▶ _LISTED RECORDS_
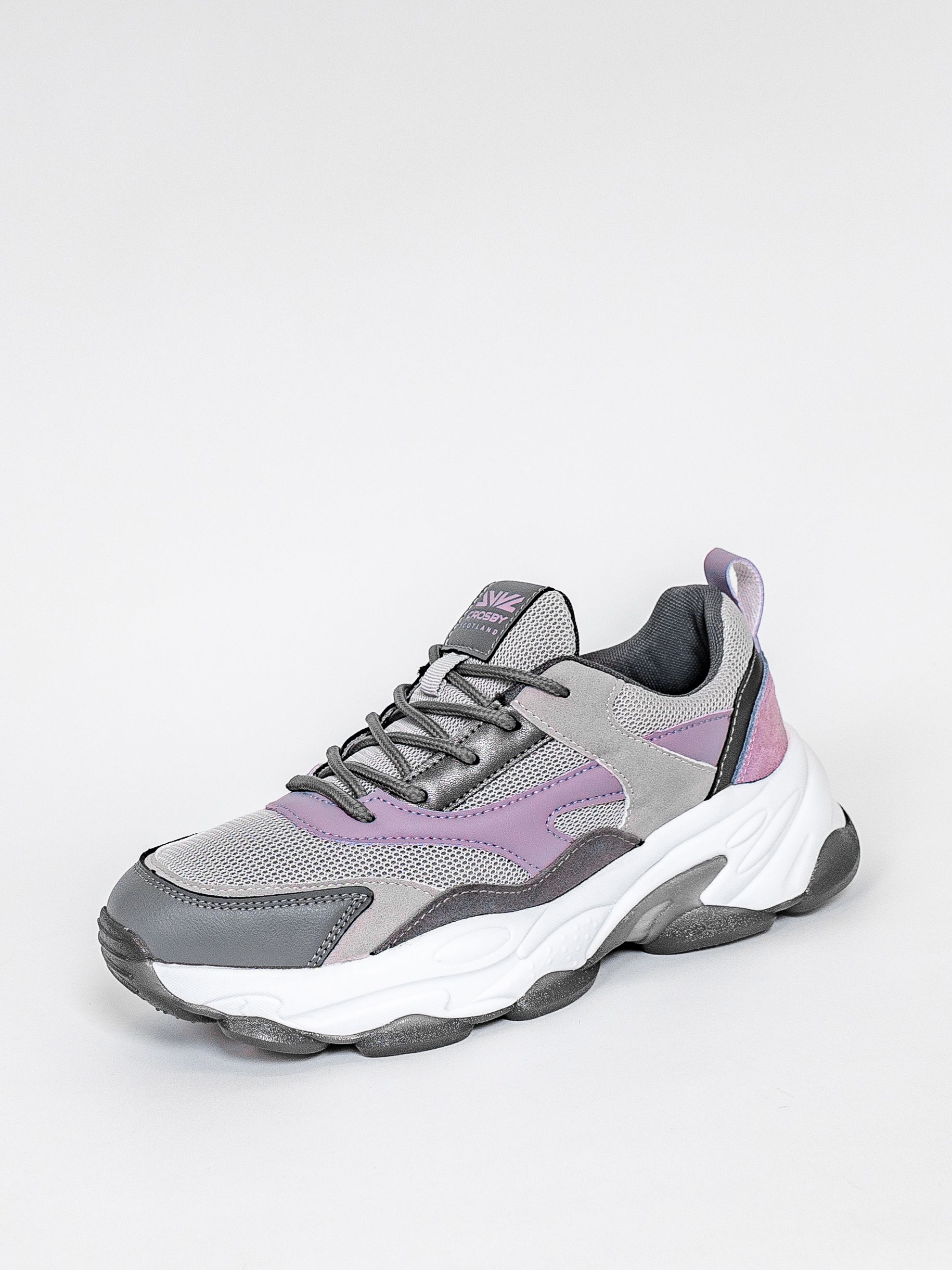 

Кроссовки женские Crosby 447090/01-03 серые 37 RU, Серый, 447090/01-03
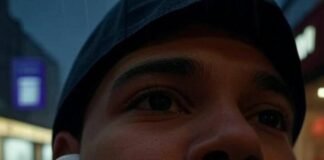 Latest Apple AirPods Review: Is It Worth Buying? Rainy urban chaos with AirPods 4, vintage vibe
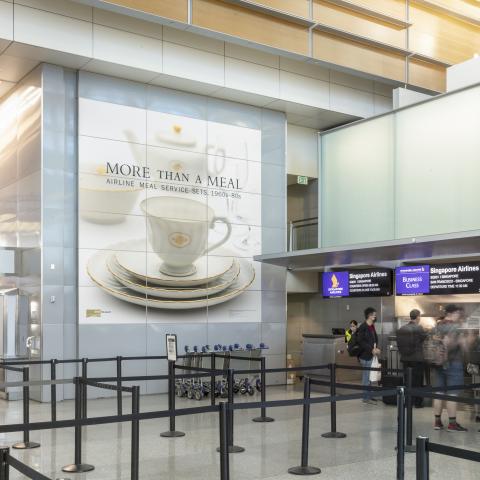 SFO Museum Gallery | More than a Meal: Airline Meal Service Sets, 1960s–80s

...

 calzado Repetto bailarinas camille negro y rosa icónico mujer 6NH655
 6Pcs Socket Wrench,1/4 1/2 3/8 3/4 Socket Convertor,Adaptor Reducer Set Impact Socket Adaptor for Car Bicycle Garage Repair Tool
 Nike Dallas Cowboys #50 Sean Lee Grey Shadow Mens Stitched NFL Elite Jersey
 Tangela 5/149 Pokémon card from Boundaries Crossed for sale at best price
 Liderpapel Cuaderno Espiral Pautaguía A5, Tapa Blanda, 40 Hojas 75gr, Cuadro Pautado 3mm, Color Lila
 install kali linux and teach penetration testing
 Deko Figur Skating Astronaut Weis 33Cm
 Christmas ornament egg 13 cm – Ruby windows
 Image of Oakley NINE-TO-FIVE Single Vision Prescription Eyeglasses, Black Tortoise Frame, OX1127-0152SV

▶ _WORK TO COMPLETE_
Only one stretch of the data above is needed. Restate it word for word, from the line containing "Tangela 5/149 Pokémon" through the line containing "Image of Oakley", both ends included.

▶ _OUTPUT FOR THIS EXERCISE_
 Tangela 5/149 Pokémon card from Boundaries Crossed for sale at best price
 Liderpapel Cuaderno Espiral Pautaguía A5, Tapa Blanda, 40 Hojas 75gr, Cuadro Pautado 3mm, Color Lila
 install kali linux and teach penetration testing
 Deko Figur Skating Astronaut Weis 33Cm
 Christmas ornament egg 13 cm – Ruby windows
 Image of Oakley NINE-TO-FIVE Single Vision Prescription Eyeglasses, Black Tortoise Frame, OX1127-0152SV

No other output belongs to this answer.